You can probably still hit 1.2M req/s without these steps but you will see more variability in throughput and a lot more variability in p99 and p99.99 latency.

Avoiding Noisy Neighbors and Intel Turbo Boost Variability

I did the final benchmark run on a c5n.9xlarge that was restricted to 4 vCPUS using the EC2 CPU Options feature. This meant two things:

  • No other VM was running on the same NUMA node as the test server.
  • Intel Turbo Boost was always on.

In my testing, when Turbo Boost was on, it increased stress-ng CPU performance (stress-ng --matrix 0 --metrics-brief -t 7) by about 2% compared to when it wasn't. Ensuring that it was always on prevents an unexpected 2% shift that could happen if my VM neighbors were unusually quiet for one particular run.

I had tried running the benchmark with the client and server on the same dedicated host to avoid noisy neighbors and network latency variance, but I ran into this issue. As it turns out, performance degrades for this test when running on a dedicated host.

Confirming Low Latency

The average latency between two servers in a cluster placement group is generally in the 40μs - 60μs range depending on how you measure it

  • ICMP (ping -U): 35μs - 60μs
  • TCP (sockperf ping-pong): 40μs - 65μs

Nevertheless, you can still get an outlier from time to time, so I stopped/started my instances until I had better than average client-server latency. The results for the instances used in this test run were definitely above average, but you should be good with anything in the 50μs range:

Command: sudo ping -U -q -i 0 -s 18 -w 10 10.XXX.XXX.XXX

Result: 39μs

249138 packets transmitted, 249137 received, 0% packet loss, time 10000ms
rtt min/avg/max/mdev = 0.035/0.039/0.155/0.008 ms, ipg/ewma 0.040/0.040 ms

Command: sockperf ping-pong --tcp --full-rtt -m 14 -i 10.XXX.XXX.XXX -t 10

Result: 44μs

sockperf: Summary: Round trip is 44.804 usec
sockperf: Total 212861 observations; each percentile contains 2128.61 observations
sockperf: ---> <MAX> observation =  143.388
sockperf: ---> percentile 99.999 =   67.481
sockperf: ---> percentile 99.990 =   65.303
sockperf: ---> percentile 99.900 =   60.829
sockperf: ---> percentile 99.000 =   50.901
sockperf: ---> percentile 90.000 =   46.082
sockperf: ---> percentile 75.000 =   45.163
sockperf: ---> percentile 50.000 =   44.556
sockperf: ---> percentile 25.000 =   44.014
sockperf: ---> <MIN> observation =   38.849

Stopping Non-critical Services

After boot up, I stopped all non-critical services on the instance to prevent them muddying up my latency numbers.
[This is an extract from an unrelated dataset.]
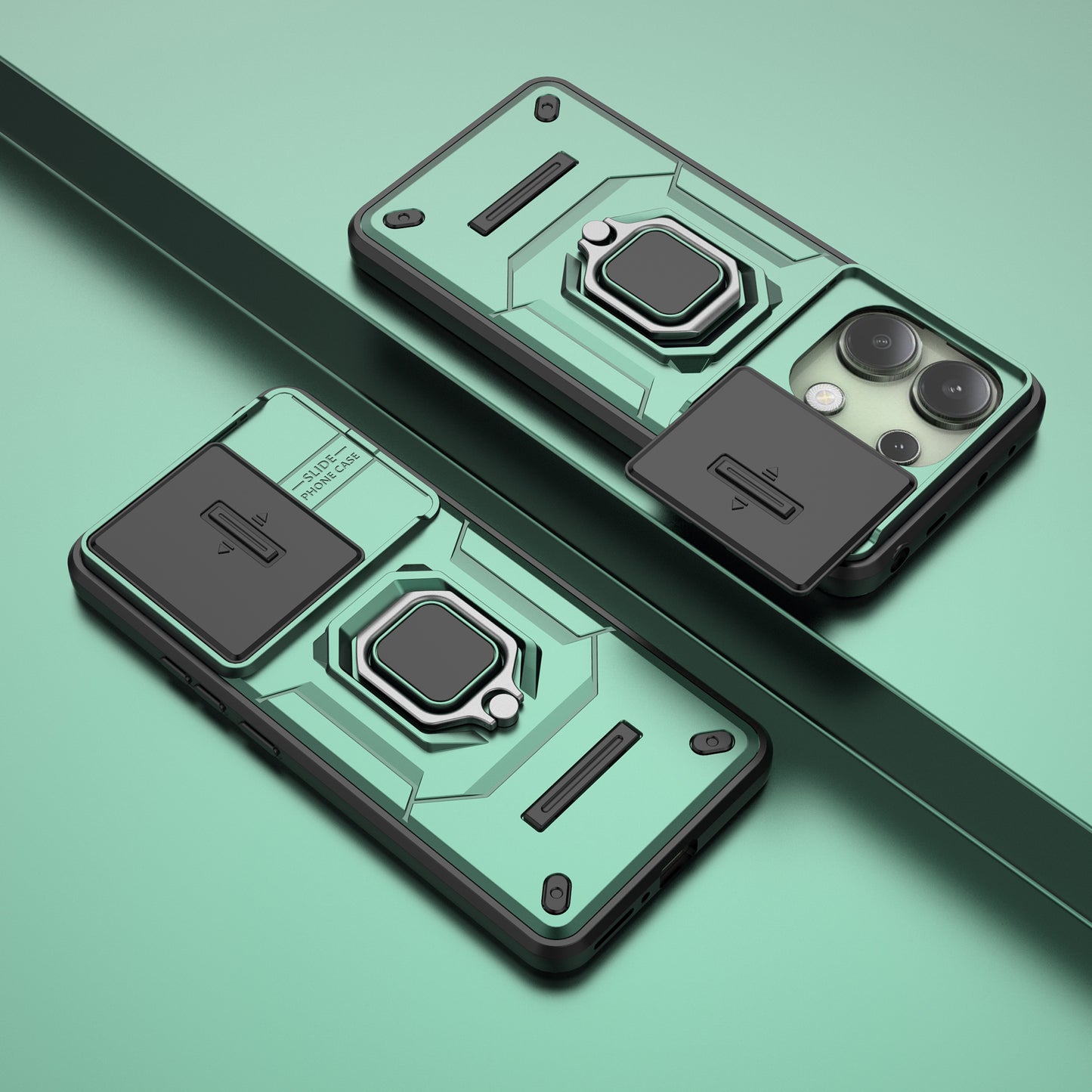 For Xiaomi Redmi Note 13 4G Case PC+TPU Slide Lens Lid Phone Cover - Green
You may be surprised to learn this included stopping dockerd and containerd. The libreactor processes keep running even after dockerd/containerd is stopped courtesy of Docker's live restore feature. A timely reminder that a "container" is really just one or more Linux processes running in a custom namespace.

Here are the commands I used to stop non-critical services:

	sudo systemctl stop containerd
	sudo systemctl stop docker
	sudo systemctl stop rsyslog
	sudo systemctl stop postfix
	sudo systemctl stop crond
	sudo systemctl stop chronyd
	sudo systemctl stop libstoragemgmt
	sudo systemctl stop systemd-journald.socket
	sudo systemctl stop systemd-journald
	sudo systemctl stop rpcbind.socket
	sudo systemctl stop rpcbind
	sudo service auditd stop

Disabling these services can have a number of unexpected side effects, so I didn't include these commands in my CloudFormation template. It should also go without saying that I wasn't running any interactive programs (e.g. htop) while collecting benchmark results.

ARP Record Caching

I changed these sysctls to allow ARP records to be cached and reduce the frequency of cache refreshes.

sudo sysctl -w net.ipv4.neigh.default.gc_thresh1=128
sudo sysctl -w net.ipv4.neigh.default.gc_interval=300
sudo sysctl -w net.ipv4.neigh.eth0.gc_stale_time=300

This was deliberately left out of the CloudFormation template as well.

EC2 X-factor?

Even after taking all the steps above, I still regularly saw a 5-10% variance in performance across two seemingly identical EC2 server instances. I tested and ruled out the following things as causes:

  • TCP latency differences (sockperf)
  • CPU performance differences (stress-ng)
  • Noisy neighbors/CPU steal (9xlarge + sar)
  • Intel Turbo Boost (turbostat)
  • CPU model (lscpu)

There still seems to be some other underlying hardware or firmware difference that I was unable to detect. If anyone has any ideas about this, please let me know: Hacker News | Reddit | Direct.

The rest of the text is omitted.